Namun demikian, meskipun sudah bicara busi dengan beragam keunggulan dan kecanggihannya, seperti busi NGK. Tetapi hingga kini, tradisi kurang tepat perihal busi, masih merajalela di tengah pengguna kendaraan bermotor. Contohnya saja, istilah ketok busi, dan amplas busi.
Masih banyak pengguna yang berpikir, kalau busi masih bisa diakal-akali, kenapa harus membeli yang baru? Terkesan sepele, perkara kecil. Padahal dari hal sepele semacam inilah, kemudian persoalan busi kendaraan menjadi berlarut-berlarut.
Busi Rusak Berujung Masalah
Sebenarnya apa saja yang bakal terjadi, jikalau busi tidak diganti dalam waktu yang cukup lama? Perlu diketahui, busi itu juga bekerja dengan dukungan banyak bagian di dalamnya. Sewaktu busi mengalami kerusakan, komponen yang paling dekat yang bisa terkena imbasnya adalah tutup busi.
“Kemudian lambat laun akan memaksa komponen lain, untuk menghasilkan tegangan yang sama. Ujung-ujungnya, baterai kendaraan yang bakalan nge-drop," kata Technical Support Product Specialis PT Niterra Mobility Indonesia selaku produsen NGK Busi di Indonesia, Diko Octaviano.
Lebih lanjut dikatakan Diko, dia coba menggambarkan bahwasanya efek celah lebar dari busi yang tidak seharusnya, dapat membuat kerja mesin tidak stabil. Sehingga performa akselerasi kendaraan berkurang, dan usah distarter.
Lalu disadari atau tidak oleh pemilik mobil atau motor tersebut, kendaraan kesayangan terasa minum bensin terus. Konsumsi bahan bakar tidak efisien, atau menjadi boros. "Performa bermasalah paling gampang dirasakan adalah ketika kendaraan melibas tanjakan.

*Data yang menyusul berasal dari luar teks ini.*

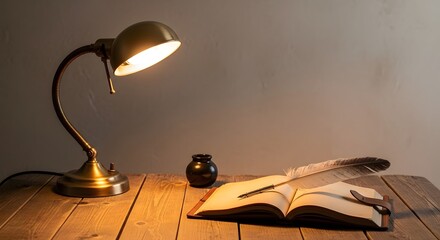 Cozy writing desk scene with a lamp illuminating an open book, ink pot, and feather pen on wooden table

Dari jauh sudah ambil ancang-ancang dan kebut, eh di tengah jalan menanjak itu kecepatan paling mentok di 60 km/jam," kata Diko.
Risiko paling buruk, mesin kendaraan bermotor mati mendadak di tengah jalan. Jelas hal tersebut sangat membahayakan diri sendiri maupun orang lain. Sehingga kalau boleh dibilang, komponen kendaraan yang dinamakan busi ini kecil-kecil cabai rawit. Meskipun bendanya relatif mungil, tetapi bila diabaikan sewaktu terjadi kerusakan, lumayan bikin pemilik kendaraan pening kepala.